Trade you those grips for a block chain??


----------



## bricycle (Nov 14, 2013)

sqrly will wet his pantaloons over that chainwheel, and larmo those pedals.... jest say'n...


----------



## dfa242 (Nov 14, 2013)

Good for you!  
I like 'em too - worked a couple miles from the Waltham factory the last 12 years of my career.


----------



## decotriumph (Nov 14, 2013)

*Orient*

That is great bike. Congratulations on a nice find.


----------



## Gary Mc (Nov 14, 2013)

Congratulations on a GREAT find!!!!!!  I would love to find an Orient, maybe one day.  Yours is in really nice condition.


----------



## filmonger (Nov 14, 2013)

*RE: Wooooow*

Very nice score.... Looks to have been well cared for!


----------



## bricycle (Nov 14, 2013)

Tiger, I have a Gilette ambassador tire like your rear if you want to trade your front...


----------



## 66TigerCat (Nov 14, 2013)

squeedals said:


> Very nice! I'm on that quest too. Can I ask what you paid?




I paid $800. A screamin' deal for such a scarce machine. All the one's I've seen in the last 10 or so years(excluding what I've seen in museums and many of those are restored)were rusty or missing alot of parts.


----------



## bricycle (Nov 14, 2013)

nice price for sure.


----------



## 66TigerCat (Nov 14, 2013)

bricycle said:


> Trade you those grips for a block chain??




Thanks Bri., but I have the original block chain and a second skip tooth that came with it.


----------



## 66TigerCat (Nov 14, 2013)

bricycle said:


> Tiger, I have a Gilette ambassador tire like your rear if you want to trade your front...




Bri., PM sent.


----------



## Dan the bike man (Nov 14, 2013)

Wow, I'd love to find a mens 1800's bike that nice for $800.


----------



## chitown (Nov 14, 2013)

Incredible bike and a fantastic deal too!
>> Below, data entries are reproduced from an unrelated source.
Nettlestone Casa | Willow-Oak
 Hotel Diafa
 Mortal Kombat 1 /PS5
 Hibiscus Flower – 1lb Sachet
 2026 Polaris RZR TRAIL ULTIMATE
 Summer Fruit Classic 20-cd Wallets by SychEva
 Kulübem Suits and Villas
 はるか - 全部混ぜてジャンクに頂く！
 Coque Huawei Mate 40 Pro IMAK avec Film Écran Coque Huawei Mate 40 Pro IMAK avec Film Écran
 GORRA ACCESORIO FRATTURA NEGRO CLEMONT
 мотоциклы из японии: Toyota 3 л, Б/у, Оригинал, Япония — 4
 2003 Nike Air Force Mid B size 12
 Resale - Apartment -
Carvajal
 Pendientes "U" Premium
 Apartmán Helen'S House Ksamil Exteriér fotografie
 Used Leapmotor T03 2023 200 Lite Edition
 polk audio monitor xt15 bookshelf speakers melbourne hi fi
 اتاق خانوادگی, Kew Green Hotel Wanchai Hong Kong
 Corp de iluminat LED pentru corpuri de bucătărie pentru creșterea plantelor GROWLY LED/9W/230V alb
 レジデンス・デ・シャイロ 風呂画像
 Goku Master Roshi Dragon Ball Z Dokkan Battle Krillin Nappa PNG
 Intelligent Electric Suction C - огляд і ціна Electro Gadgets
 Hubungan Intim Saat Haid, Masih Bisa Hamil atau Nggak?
Congrats.


----------



## thehugheseum (Nov 14, 2013)

wow,that is really really nice


----------



## catfish (Nov 15, 2013)

Very nice find! I know I had a few of those oval centers for the head badge, but I can't find them.


----------



## corbettclassics (Nov 15, 2013)

I think $800 is a steal for that bike!!!!  I'm guessing the guy you bought it from does
not do internet or would have known the real price of that beauty.  There's a lot of
older guys out there selling stuff that just don't do the internet to keep up with prices.

I would really like to see the original catalogue listing of the bike since it has the
smaller front wheel.

Off the top of my head, wasn't the "Mile a Minute" a Tribune?  Maybe I'm mistaken ...


----------



## 66TigerCat (Nov 15, 2013)

Thanks for the compliments. I actually bought it from a guy who does quite a bit of buying/selling on the web. The bike changed hands locally a couple of times and when I found out an acquaintance had it I expressed interest. He didn't seem like he wanted to part with it at the time but I got an email from him last week offering it so I grabbed it. I believe he just wanted to make his money back (he paid $800. for it). He definitely knows his bikes but isn't that interested in early American bikes. He also wanted it to go to a good home and it was a plus that it will stay local. You just never know when bikes like this will come along but I'm glad I had the good sense to take it when offered.

I was talking to a close friend/Orient expert and he has most of the Orient catalogs. I need to take a few measurements and cross reference the parts on it to narrow down the model. At this point I don't think it's a Mile A Minit but rather a Model 130 or a Leader. Those were the three models they offered with a 26" front/28" rear. I'm planning to clean it up and get it complete but leaving it as found. I love the patina.

I do need a period correct saddle, either original or a repro. I'll post pics again when it's done.


----------



## bricycle (Nov 16, 2013)

grip pics     .


----------



## dfa242 (Nov 17, 2013)

bricycle said:


> grip pics     .




Those are nice original grips Bri - are you selling these as well as the new ones?  I'd be interested in these if they're not already spoken for.


----------



## bricycle (Nov 17, 2013)

dfa242 said:


> Those are nice original grips Bri - are you selling these as well as the new ones?  I'd be interested in these if they're not already spoken for.




trying to work out a trade with tiger. sorry nfs. trades maybe...


----------



## dfa242 (Nov 17, 2013)

Oh okay - sorry, didn't mean to butt in...:o


----------



## catfish (Nov 19, 2013)

Looks like you need this to finish your bike.


----------



## Larmo63 (Nov 19, 2013)

Grest bicycle......! We were in Waltham this last July.....

Cool place....


----------